-- SOURCE MATERIAL follows --
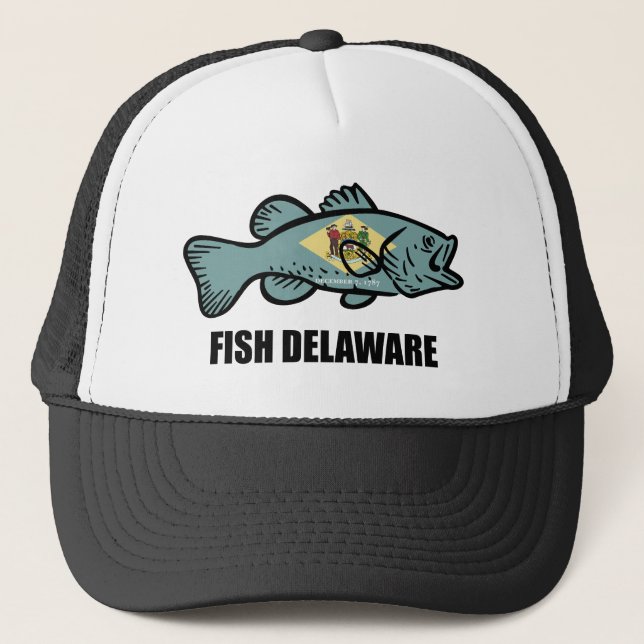 Fish Delaware Truckerkappe (Vorderseite)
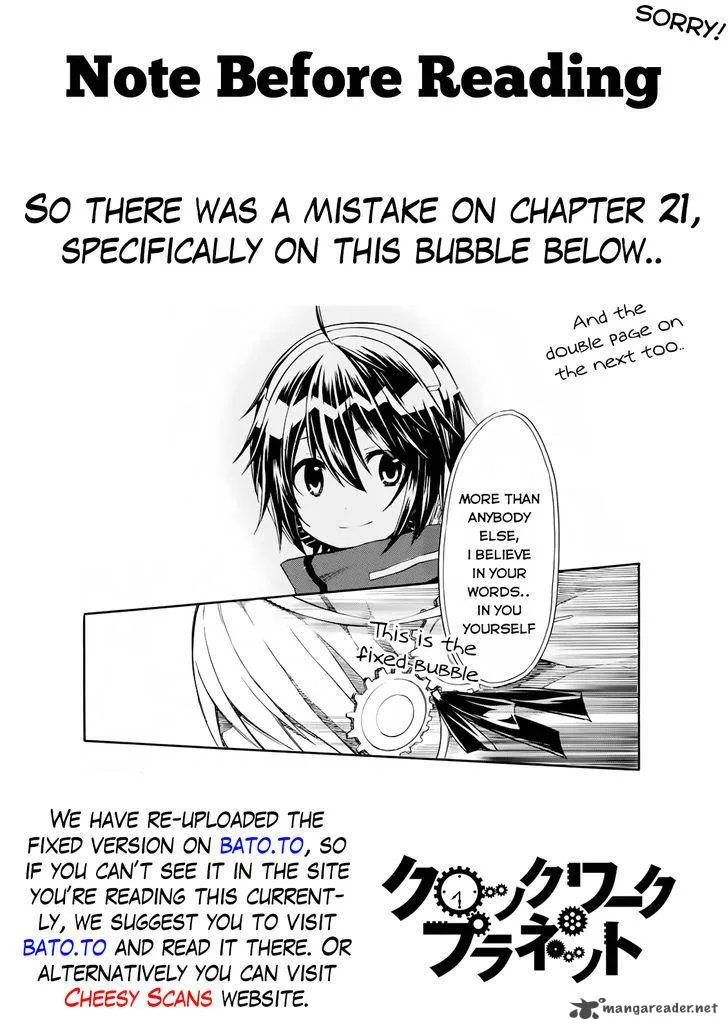 Clockwork Planet Chapter 22 page 2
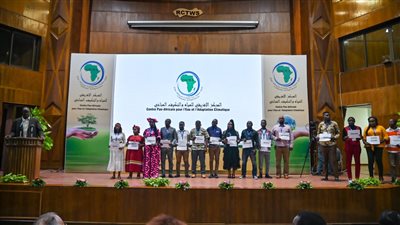 وزير الري يدشن المركز الإفريقي للمياه والتكيف المناخي بمشاركة وزراء المياه الأفارقة | صور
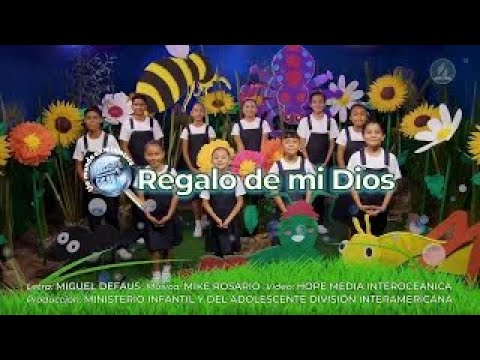 PISTA, LETRA Y MIMICA - Regalo de mi Dios - CANTO TEMA INICIO - UN MUNDO EN MINIATURA - EBV 2023 DIA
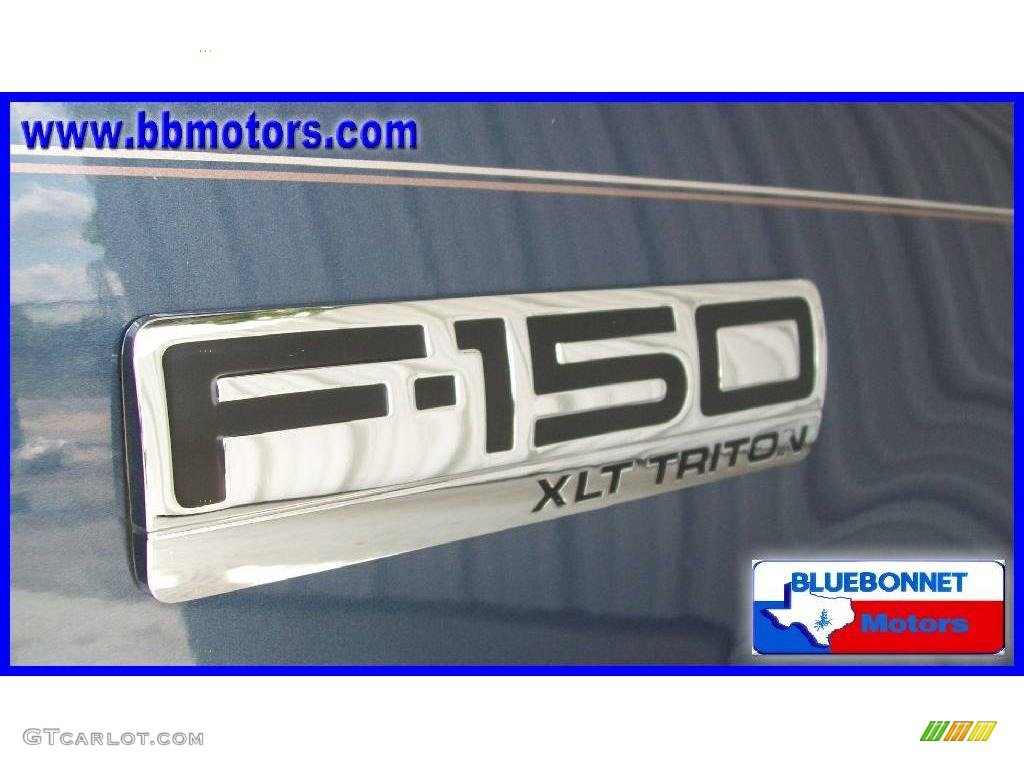 2006 F150 XLT SuperCrew - Medium Wedgewood Blue Metallic / Tan photo #6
-- SOURCE MATERIAL concluded --
(ASSIGNED TASK) Reproduce the records in full, exactly as they appear, and show none of the pictures.

(ANSWER FOR THIS EXERCISE)
 Fish Delaware Truckerkappe (Vorderseite)
 Clockwork Planet Chapter 22 page 2
 وزير الري يدشن المركز الإفريقي للمياه والتكيف المناخي بمشاركة وزراء المياه الأفارقة | صور
 PISTA, LETRA Y MIMICA - Regalo de mi Dios - CANTO TEMA INICIO - UN MUNDO EN MINIATURA - EBV 2023 DIA
 2006 F150 XLT SuperCrew - Medium Wedgewood Blue Metallic / Tan photo #6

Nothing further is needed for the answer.